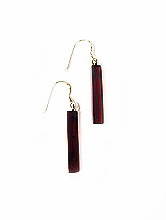 Baltic Amber Earrings/Rectangular/Cherry Color .925 Earwire(54851)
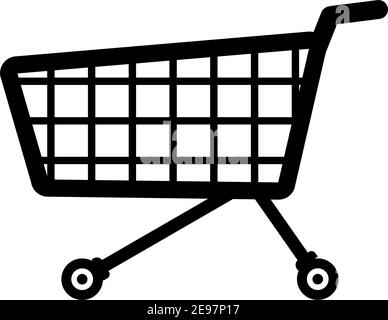 Astratto carrello della spesa su ruote da supermercato - illustrazione Vector Illustrazione Vettoriale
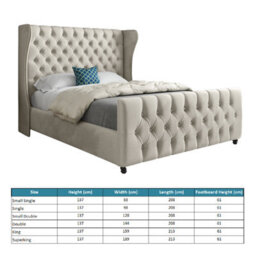 Donati Straight Curved Top Upholstered Soft Velvet Bed Frame - Cream - thumbnail 4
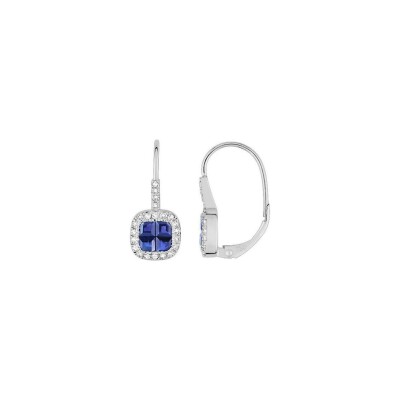 Boucles d'oreilles dormeuses en or blanc, saphirs et diamants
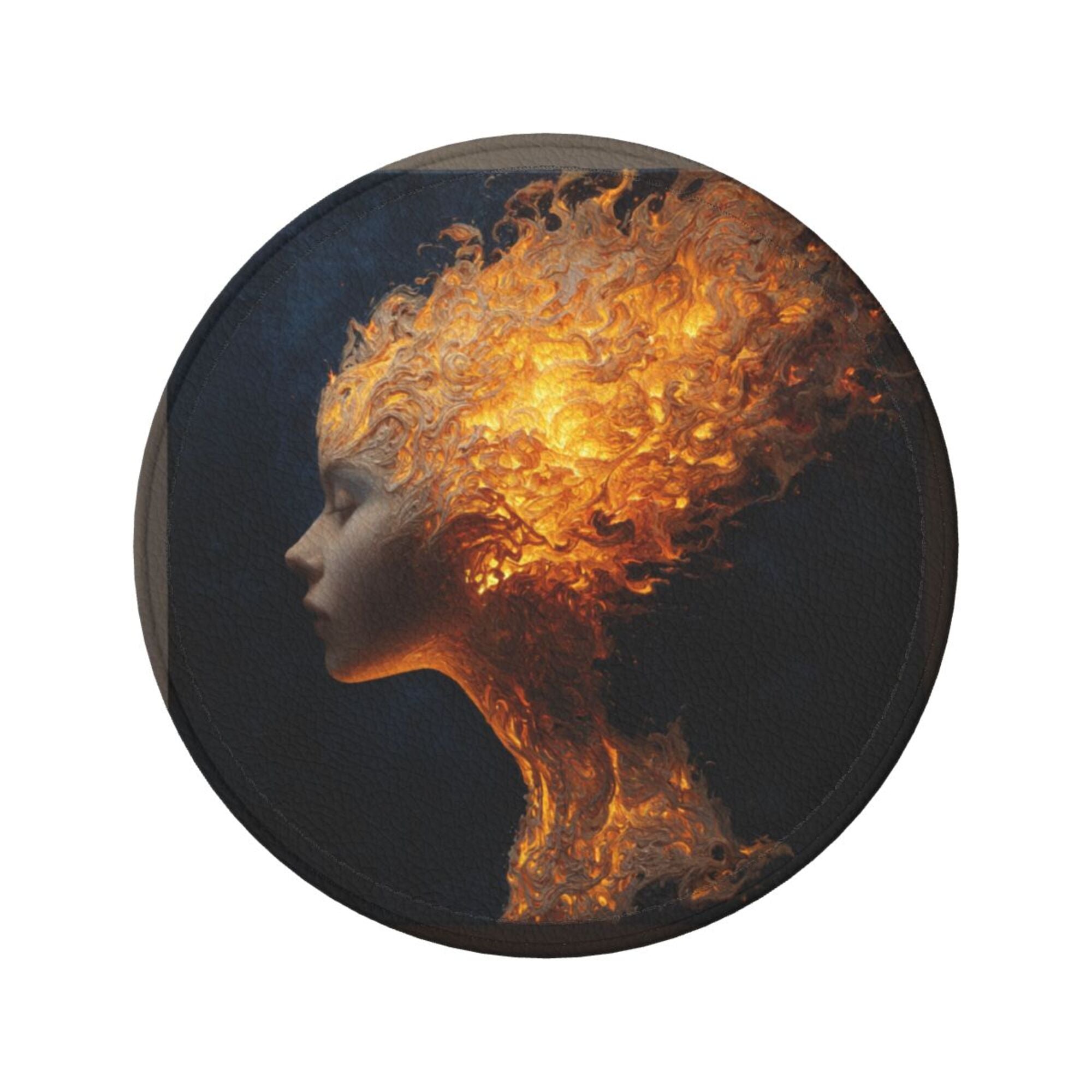 6 - Pack Round Leather Coasters: Flame Portrait Art Pattern, Exquisite Storage, Protecting the Desktop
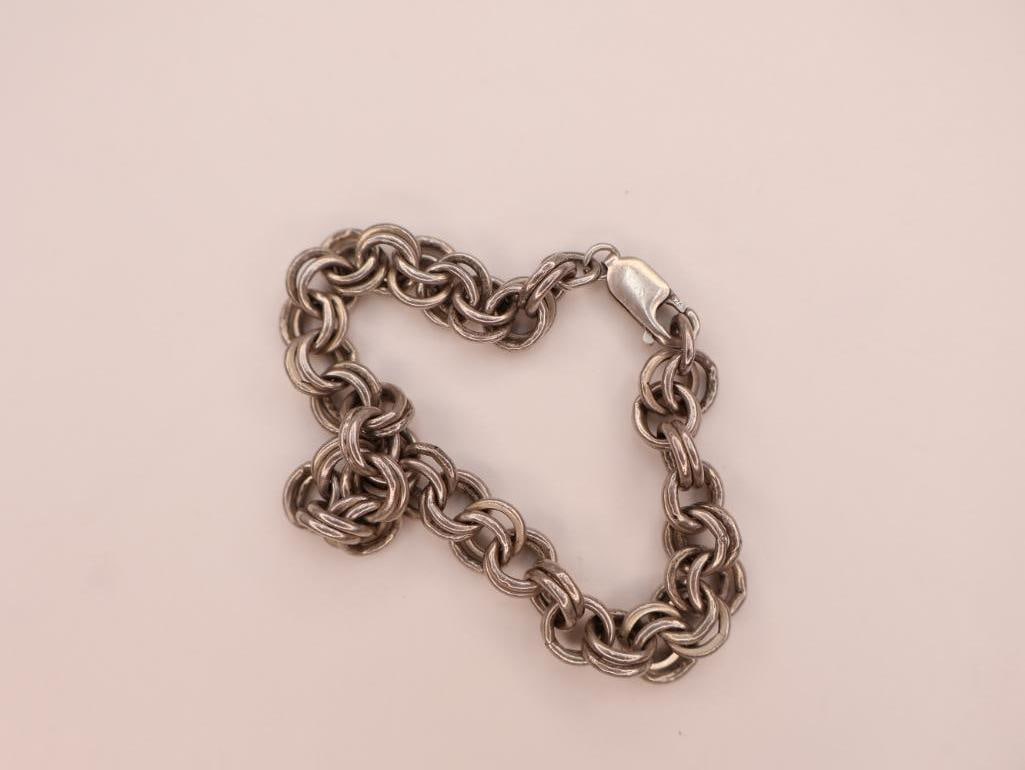 Two vintage sterling silver link bracelets - 7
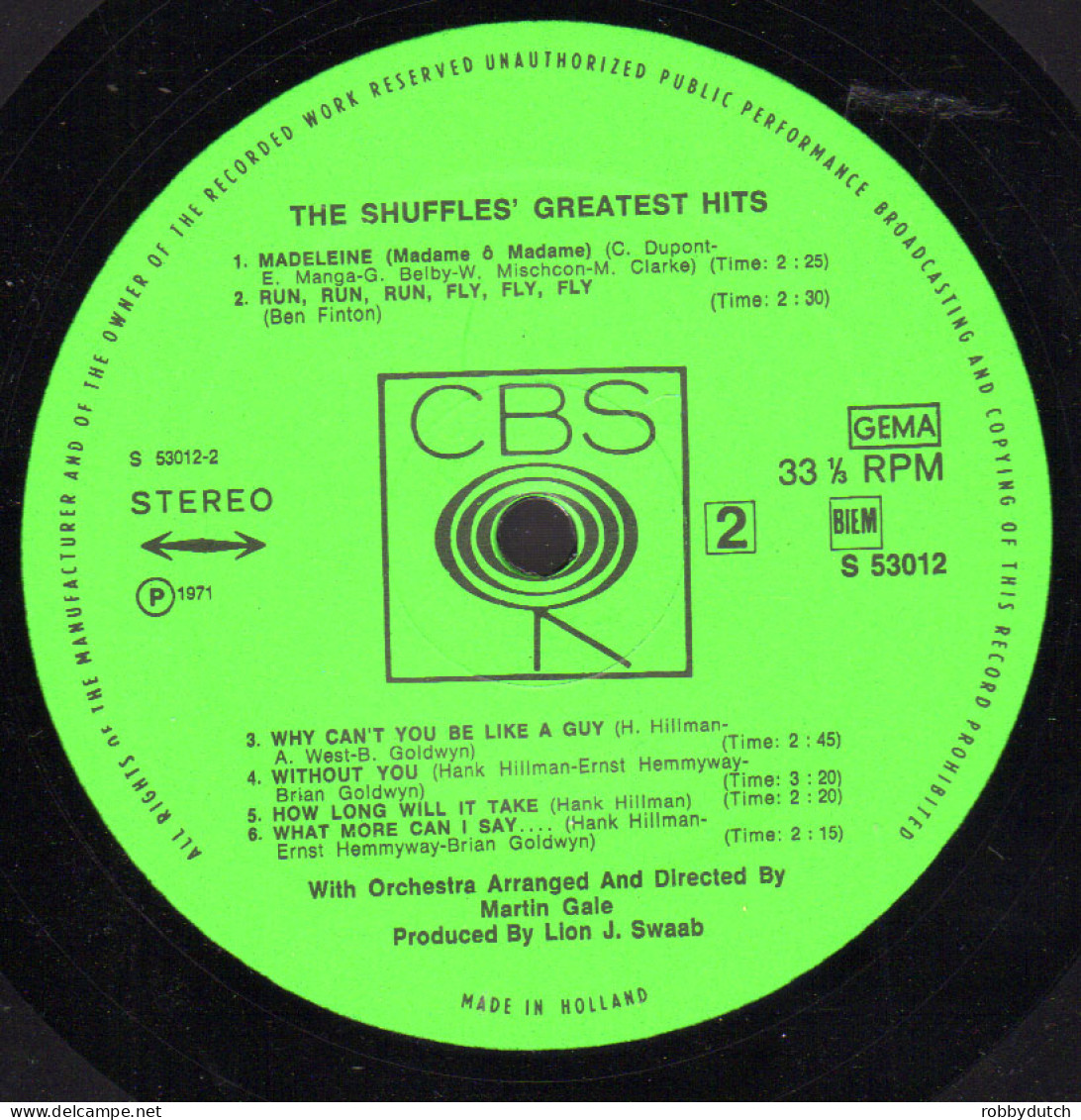 * LP *  THE SHUFFLES - GREATEST HITS (on CBS Featuring ALBERT WEST) (Holland 1971 EX-) - Disco, Pop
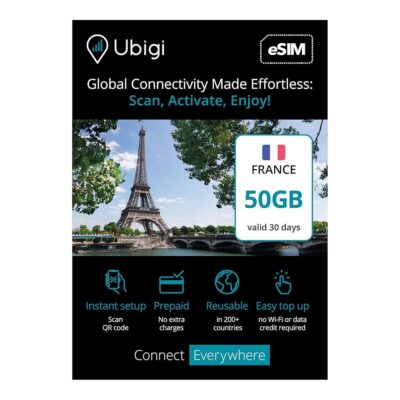 Travel Data Plan France- Prepaid International eSIM Card 50 GB Internet Data in 5G/4G/LTE (Data tethering Allowed) for Unlocked iPhone and Android. No Extra Charge or Roaming…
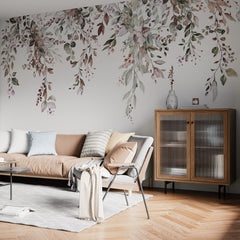 Custom Warm Floral and Leafy Mural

================

* Work task: From the line containing "Donati Straight Curved" down to the final line of the listing above, write out only those lines exactly as they are, minus the pictures.

* Result of the task:
 Donati Straight Curved Top Upholstered Soft Velvet Bed Frame - Cream - thumbnail 4
 Boucles d'oreilles dormeuses en or blanc, saphirs et diamants
 6 - Pack Round Leather Coasters: Flame Portrait Art Pattern, Exquisite Storage, Protecting the Desktop
 Two vintage sterling silver link bracelets - 7
 * LP *  THE SHUFFLES - GREATEST HITS (on CBS Featuring ALBERT WEST) (Holland 1971 EX-) - Disco, Pop
 Travel Data Plan France- Prepaid International eSIM Card 50 GB Internet Data in 5G/4G/LTE (Data tethering Allowed) for Unlocked iPhone and Android. No Extra Charge or Roaming…
 Custom Warm Floral and Leafy Mural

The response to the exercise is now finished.